Samsung has announced the results of its Galaxy Note 7 investigation, confirming that two separate battery issues were to blame.
Samsung's four-month-long investigation saw 700 engineers and researchers test 200,000 Note 7 smartphones and 30,000 batteries. The firm said it had inspected both software and hardware, with the only faults being found in the batteries themselves.
"To find the cause of the Galaxy Note 7 incidents, Samsung examined every aspect of the Galaxy Note7, including hardware, software and related processes over the past several months," the firm announced in an official statement.
"Samsung's investigation, as well as the investigations completed by three independent industry organisations, concluded that the batteries were the cause of the Galaxy Note 7 incidents."
Two separate battery flaws were to blame.
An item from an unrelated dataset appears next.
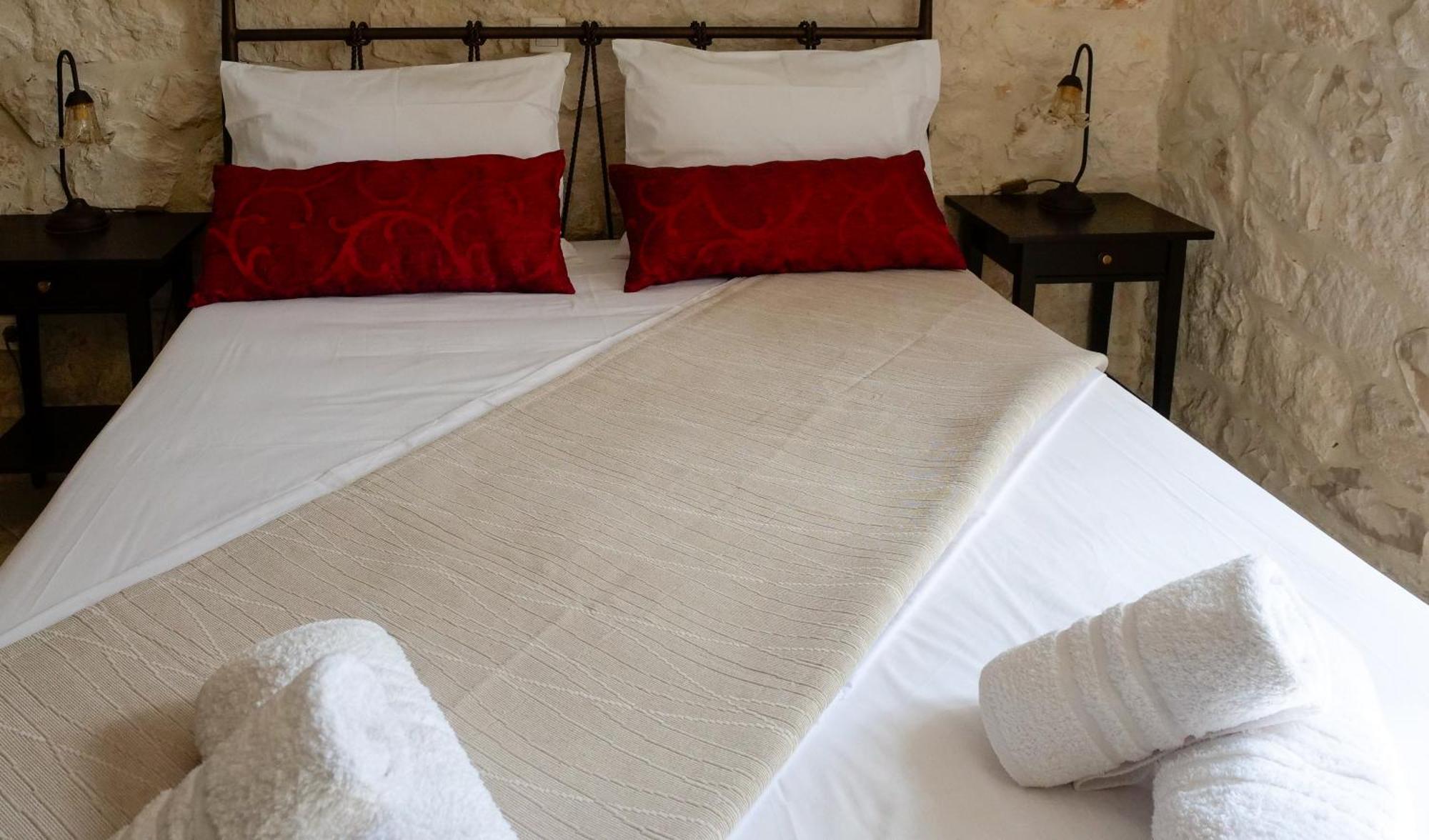 Fterini Apartments Sterna & Alletri Agios Leon ภายนอก รูปภาพ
The first, as expected, related to how the Note 7's original batteries were manufactured, with firm admitting that the batteries' casings were too small to safely fit the electrode assembly inside, which lead to short-circuiting.
Samsung didn't name and shame the third-party company that's to blame for the issue, but reports last week suggested Samsung SDI manufactured first set of faulty batteries.
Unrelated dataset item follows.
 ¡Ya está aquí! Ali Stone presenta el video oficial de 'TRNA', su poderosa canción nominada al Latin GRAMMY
The firm went on to explain that its second batch of batteries had a different manufacturing defect that led to the same explosive result. In this case, the fires were caused by punctures in a super-thin component that separates the positive and negative electrodes, and faulty insulation. This second batch of batteries was provided by Hong Kong's Amperex Technology Ltd.
However, Samsung's mobile president DJ Koh said that the ultimate responsibility falls on Samsung itself, for signing off on the shonky batteries ahead of the Note 7's launch.
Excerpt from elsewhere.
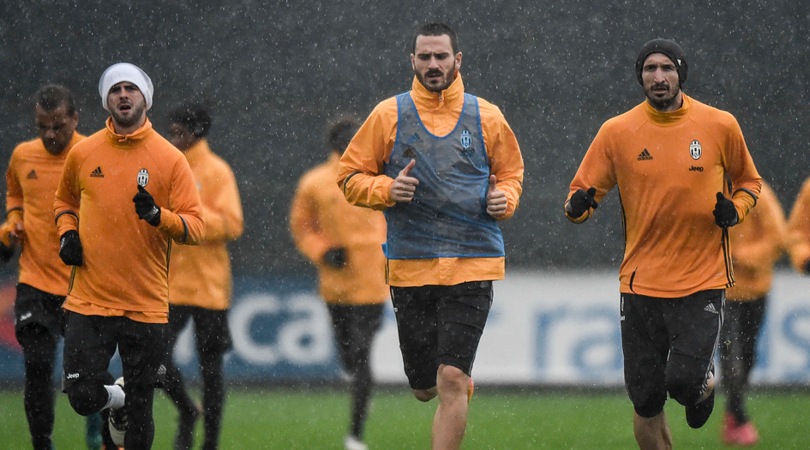 Diluvia a Vinovo. La Juve: «Un po' di pioggia non ci fermerà!»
Koh announced a new eight-step inspection process - durability test, visual inspection, x-ray test, charge and discharge test, leak detection test, disassembling test, accelerated usage test, and battery voltage comparison test - that will be carried out on all future Samsung smartphones, including the Galaxy S8.
"To make an innovative Note 7, we set the target specification for the batteries, and feel a grave responsibility for failing to test the battery design and manufacturing process before launch. We will put safety and quality first going forward."
Out of 3.06 million Galaxy Note 7s distributed to the market, 96 per cent have been recalled globally, Samsung added.